Avendo al fianco il suo nuovo vice-Govematore generale, il generale Nasi, il Viceré conferì il titolo di « ras » a tre dignitari: il primo fu l’oscuro degiacc Ambachau, un tempo liquemanquas dell’imperatrice Zauditù; il secondo fu il più degno di nota degiacc Amde Alì dello Uollo, uno dei più importanti cospiratori del 1936 ai danni di Hailé Selassié a Dessiè; il terzo e di gran lunga il più grande fu il degiacc Aialeu Burrù, che aveva guidato in battaglia contro gli italiani i combattenti del Beghemder e del Semien, e si era battuto al fianco di ras Immirù fino alla caduta di Gondar.
Tre grandi signori etiopi assistettero a questa cerimonia: ras Hailù del Goggiam, com’era logico... da quel fedele alleato degli italiani che era sempre stato e doveva ancora essere. Accanto a lui si trovava un altro « ras » creato dagli italiani, Hailé Selassié Gugsa, il traditore che entrambi gli schieramenti disprezzavano; e con loro v’era un nuovo venuto, ras Seyum. Ras Seyum, infatti, era finalmente tornato dalla sua protratta « visita » in Italia.
Poiché il fatto stesso che le tradizionali famiglie regnanti del Goggiam, di entrambe le regioni del Tigrai, del Beghemder e dello Uollo, erano lì rappresentate dai loro esponenti superstiti riuniti intorno al Viceré che li onorava, stava ad attestare un mutamento significativo intervenuto nell’orientamento della politica italiana. Quella riunione in occasione del Mascal del 1939 era il segno esteriore dei primi passi mossi verso la politica del « governo indiretto », ricalcata sui princìpi britannici, e alla quale, lo si sapeva, erano favorevoli sia il Duca d'Aosta sia il generale Nasi 1.
Lo scopo di ras Hailù e di ras Seyum, nonché, invero, degli altri, era quello di tornare a governare i territori di un tempo. Tale scopo non lo avevano conseguito, e non dovevano conseguirlo fino all’ultimo momento; gli italiani li trattenevano nella capitale o negli immediati dintorni, e la politica dei ras era ovviamente quella di conciliarsi gli italiani e di procedere con i piedi di piombo.
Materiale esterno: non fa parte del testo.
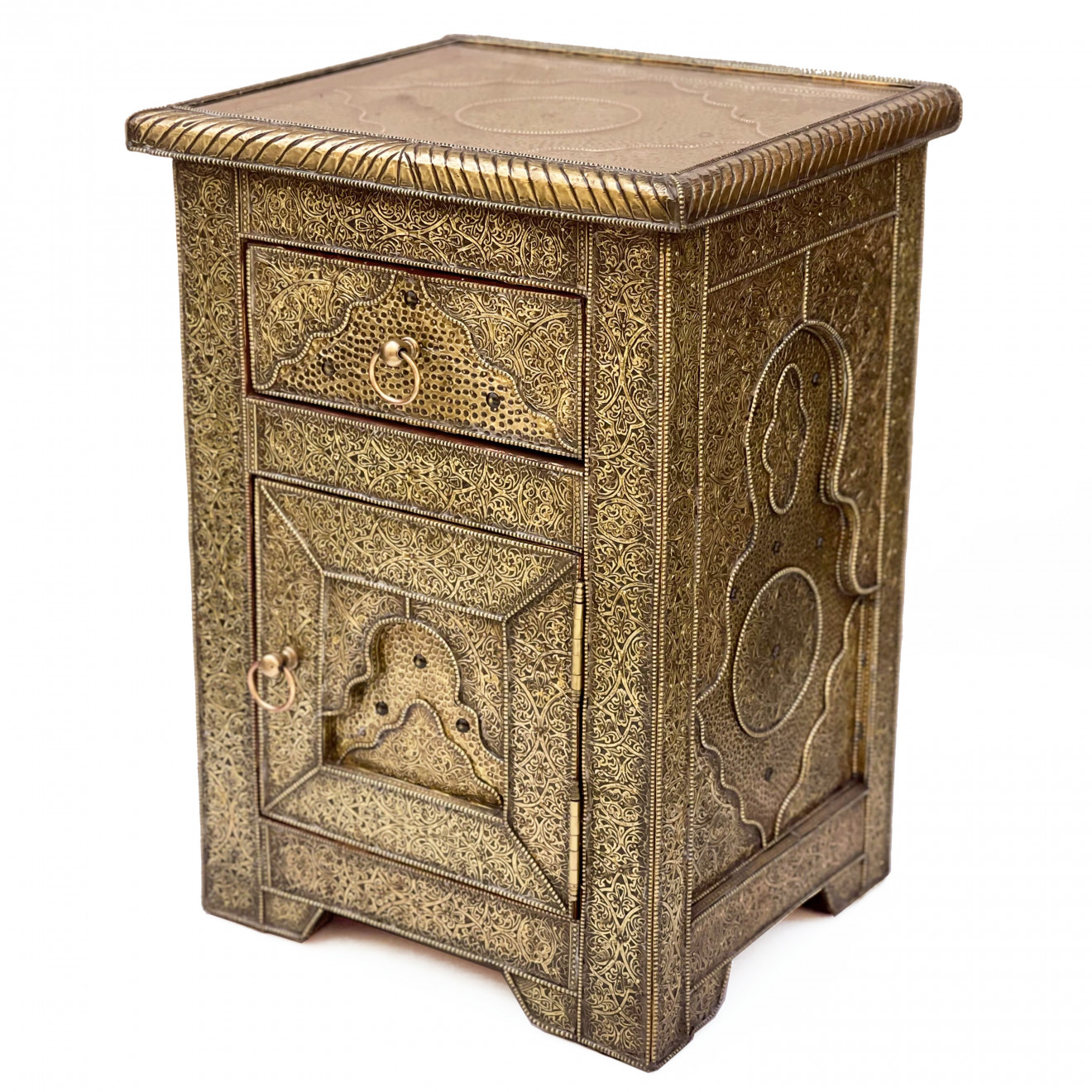 Marokkanische Nachtkommode mit Messingverkleidung SAMIA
Ciò nonostante si può a buon diritto supporre che la notizia del ritorno di ras Seyum si fosse diffusa rapidamente nel Tigrai, e che questa mossa da parte italiana fosse stata saggia, in quanto la semplice presenza di ras Seyum sul suolo etiopico, e le speranze destate da tale presenza, avrebbero placato tutte le tendenze alla ribellione nel Tigrai — sebbene non vi fosse mai stato, né dovesse esservi in avvenire, un gran movimento di resistenza in quelle regioni.
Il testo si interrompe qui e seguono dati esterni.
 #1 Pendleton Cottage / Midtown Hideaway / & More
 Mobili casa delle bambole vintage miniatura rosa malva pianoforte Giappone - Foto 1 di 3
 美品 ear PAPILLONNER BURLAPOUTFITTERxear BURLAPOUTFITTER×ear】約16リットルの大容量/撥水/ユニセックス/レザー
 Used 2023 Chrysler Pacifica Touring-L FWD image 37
Gli spostamenti non si verificavano in una sola direzione. Mentre ras Seyum partiva da Napoli, il capo dei dancali, il sultano Mohammed Yayo era arrivato a Roma e là gli era stata concessa un’udienza dal Duce, al quale aveva offerto un hatoilly, un tappeto tradizionale tessuto — ironico a dirsi — per l’ex-Imperatore.